3 ABK WNI Hilang di Selat Hormuz, Anggota DPR: Pencarian Harus Dilakukan Maksimal
Pemerintah harus memastikan proses pencarian dilakukan secara maksimal, serta memberikan pendampingan penuh kepada keluarga korban.
Penulis:
Fersianus Waku
Editor:
Malvyandie Haryadi
Ringkasan Berita:
- Anggota DPR Vita Ervina mendesak pemerintah bertindak cepat, terkoordinasi, dan transparan dalam menangani kasus hilangnya tiga ABK WNI di Selat Hormuz setelah insiden meledaknya kapal tugboat Musaffah 2 pada 6 Maret 2026.
- Vita menekankan keselamatan pekerja migran Indonesia harus menjadi prioritas utama, dengan pencarian maksimal.
- Ia menilai peristiwa ini sebagai peringatan perlunya sistem perlindungan lebih kuat bagi pekerja migran di wilayah berisiko tinggi.
TRIBUNNEWS.COM, JAKARTA - Anggota Komisi IX DPR RI, Vita Ervina, meminta pemerintah untuk melakukan langkah cepat, terkoordinasi, dan transparan dalam menangani kasus hilangnya tiga anak buah kapal (ABK) warga negara Indonesia (WNI) di Selat Hormuz, Timur Tengah.
Desakan ini menyusul insiden meledaknya kapal tugboat Musaffah 2 pada Jumat (6/3/2026) di tengah situasi geopolitik yang kian memanas di kawasan tersebut.

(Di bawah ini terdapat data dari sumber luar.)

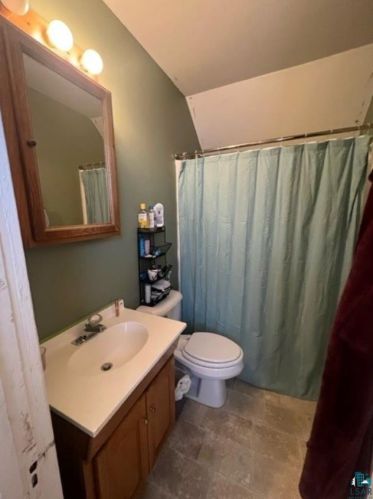 807 7th St, Duluth MN 55805-1235 exterior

Komisi IX DPR RI membidangi urusan di sektor kesehatan, ketenagakerjaan, dan jaminan sosial. Komisi ini bertugas dalam merancang kebijakan, mengawasi program pemerintah, serta memperjuangkan hak-hak masyarakat di bidang tersebut.
"Keselamatan WNI, khususnya para pekerja migran Indonesia yang bekerja sebagai ABK, harus menjadi prioritas utama negara," kata Vita kepada wartawan, Selasa (10/3/2026).
"Pemerintah harus memastikan proses pencarian dilakukan secara maksimal, serta memberikan pendampingan penuh kepada keluarga korban," ujarnya menambahkan.
Menurut Vita, peristiwa ini menjadi peringatan keras bahwa pekerja migran di wilayah berisiko tinggi membutuhkan sistem perlindungan yang lebih kuat, mulai dari tahap penempatan hingga mitigasi risiko.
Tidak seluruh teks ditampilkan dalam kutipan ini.